(8 months, 3 weeks ago)
Lords ChamberMy Lords, I thank my noble friend Lord Sandhurst for Amendment 113, in relation to the unduly lenient sentence scheme. It seeks to ensure victims and their families are given the necessary information about the scheme and, where this does not happen, provide for an extension of the relevant deadline. I understand the distress that victims may feel if they believe that the sentence given to an offender is not sufficient. The unduly lenient sentence scheme provides a way to ensure that victims, their families and members of the public can request for sentences for certain serious crimes to be challenged, by asking the Attorney-General to consider making an application to the Court of Appeal for a sentence to be reviewed.
Amendment 114 seeks to allow extension of the time limits for applications under the scheme, which must currently be made within 28 days of sentencing.

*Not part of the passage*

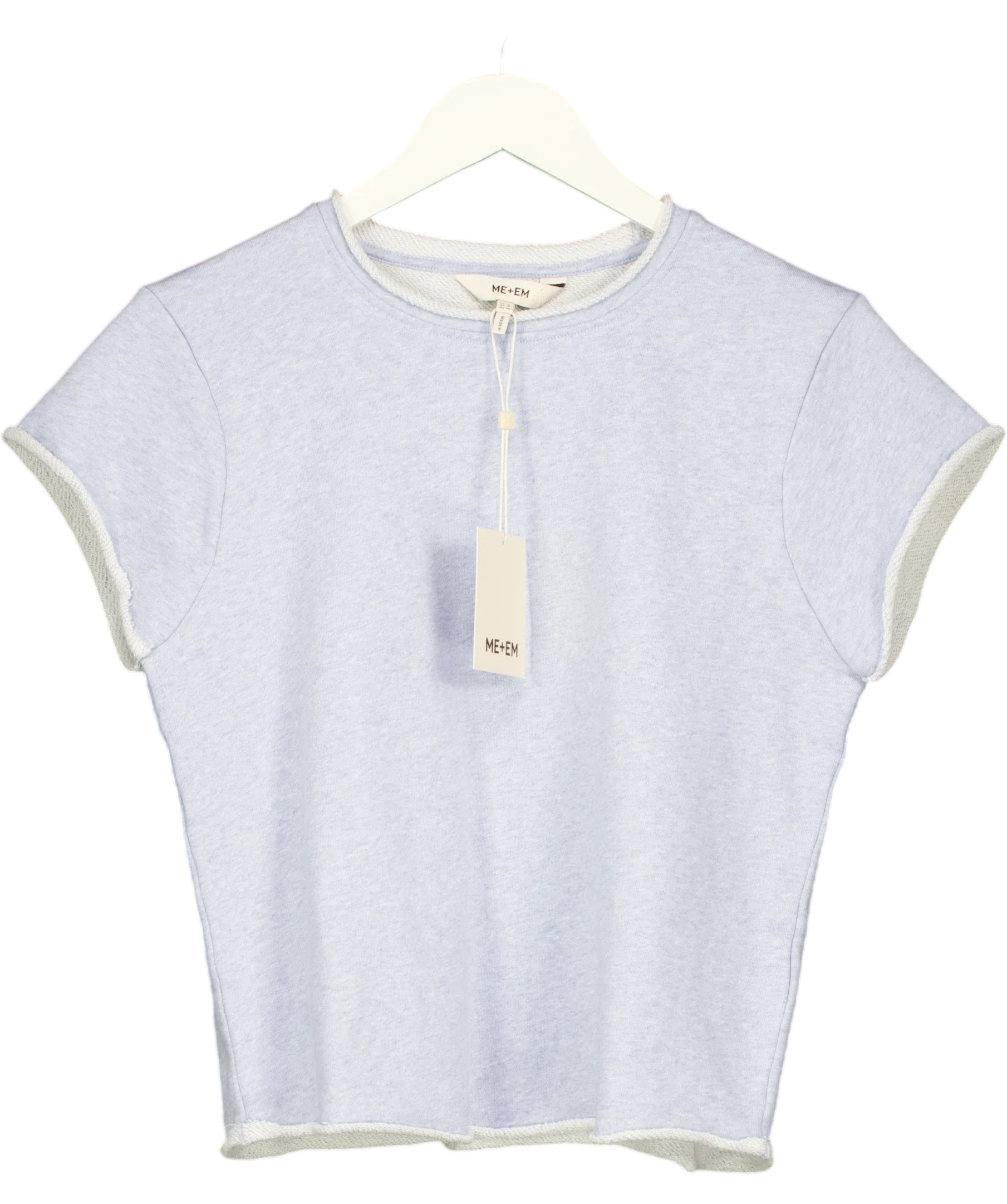ME + EM Blue Baby Tee Lightweight Sweatshirt Chambray Blue Marl, size UK 8 — front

However, the scheme has a fixed time limit to reflect the importance of finality in sentencing for both the victim and the offender. Although we will keep this this limit under consideration, there are no current plans to remove the certainty of this absolute time limit. The 28-day time limit reflects similar constraints on defendants appealing against conviction or sentence; it is important for both victims and offenders that we avoid ongoing uncertainty about the sentence to be served.
Amendment 113 puts forward a duty to inform victims and families of the scheme. It might reassure my noble friend to know that the current victims’ code is already clear that victims should be informed about the scheme by the police’s witness care units at the same time as they are told about the sentence; this is expected to be done within six days of sentencing. It may also help if I explain that “witness care unit” is the generic name for a police-led function that provides information and support to victims, as well as witnesses, in cases progressing through the criminal justice system. Under the victims’ code, the witness care unit is responsible for providing services to victims who are not witnesses in the trial, as well as those who are.

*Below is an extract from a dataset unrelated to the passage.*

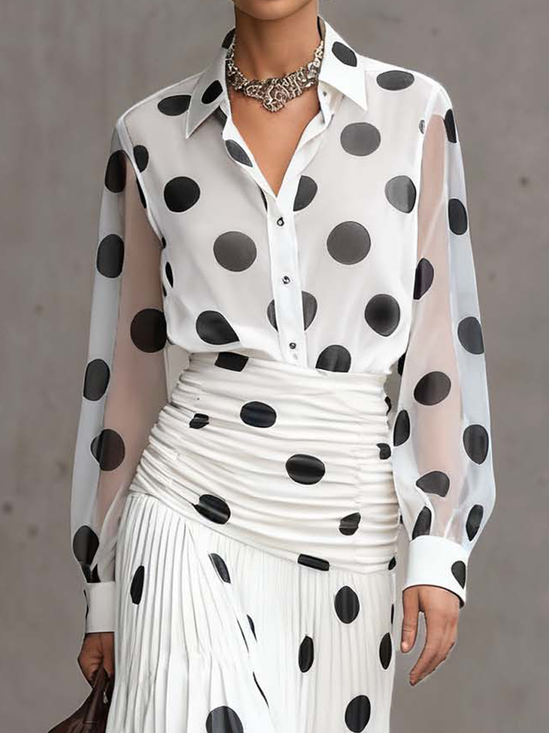 Urban Polka Dots Shirt Collar Shirt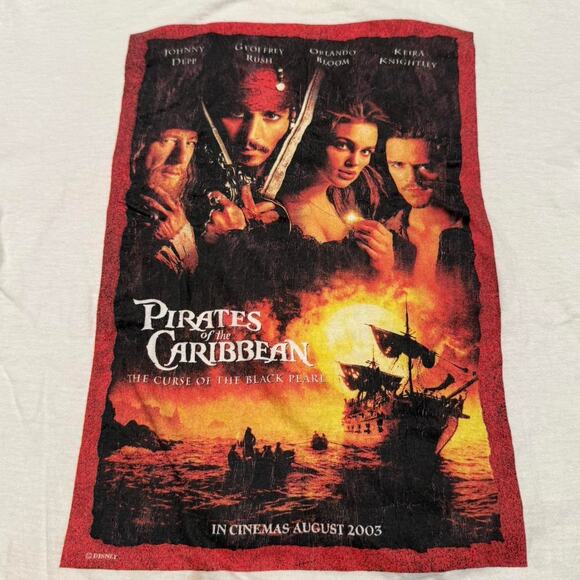Vintage 2003 Pirates of the Caribbean Promo Tee (Movie Poster) Sz Free / M-L - Picture 5 of 8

For example, under right 9 in the code, all victims are entitled to be told at the end of the case the outcome, including a brief summary of reasons for the decision where available. This also includes telling victims about the ULS scheme when they are told the sentence in the case, which is in paragraph 9.6 of the code. It is heartening to hear from the noble and learned Lord, Lord Garnier, that the scheme is well used, despite examples of where it has not worked being given by others in this short debate.
In answer to the noble Lady Baronesses, Lady Brinton and Lady Thornton, as part of the CPS’s bereaved family scheme, the CPS and the trial advocate will meet the family at the court following the sentence to explain it and answer any questions. The scheme will be highlighted in appropriate cases as part of this.
My noble friend Lord Sandhurst raised an unfortunate case in which consideration under the slip rule means that 28 days had elapsed. In general, the law officers and the Attorney-General’s Office endeavour to review any sentence referred to them, the only exception being those where there is insufficient time to do so; for example, if it is received late in the day, the statutory time limit runs out. In those cases where the slip rule applies, CPS guidance instructs prosecutors to apply for the sentence to be corrected under the slip rule quickly and within the 28-day period for the ULS scheme. This means that, if the application is unsuccessful, the Attorney-General is not time-barred from being able to make an application under the ULS scheme within the 28-day period.
Where there seems to be broad consensus in this debate is on the need to do better on informing victims and their families about their rights under the scheme. This has been brought up by the noble Baronesses, Lady Brinton, Lady Hamwee and Lady Newlove. I am open to discussing further with noble Lords how best to ensure that victims are better informed of the scheme and its deadline, but I respectfully ask that my noble friend withdraw his amendment.
My Lords, would it be possible for the Minister to find out whether the police keep records of the notification of the witness unit and, if the records are kept, what the statistics reveal? This is really an argument about whether we have the right mechanism, rather than the principle. Obviously, the Minister cannot do that this evening, but if the Ministry of Justice or the Home Office could find out, that would alleviate the problem.
The noble and learned Lord makes a very sensible request, and I will do my best to write to him.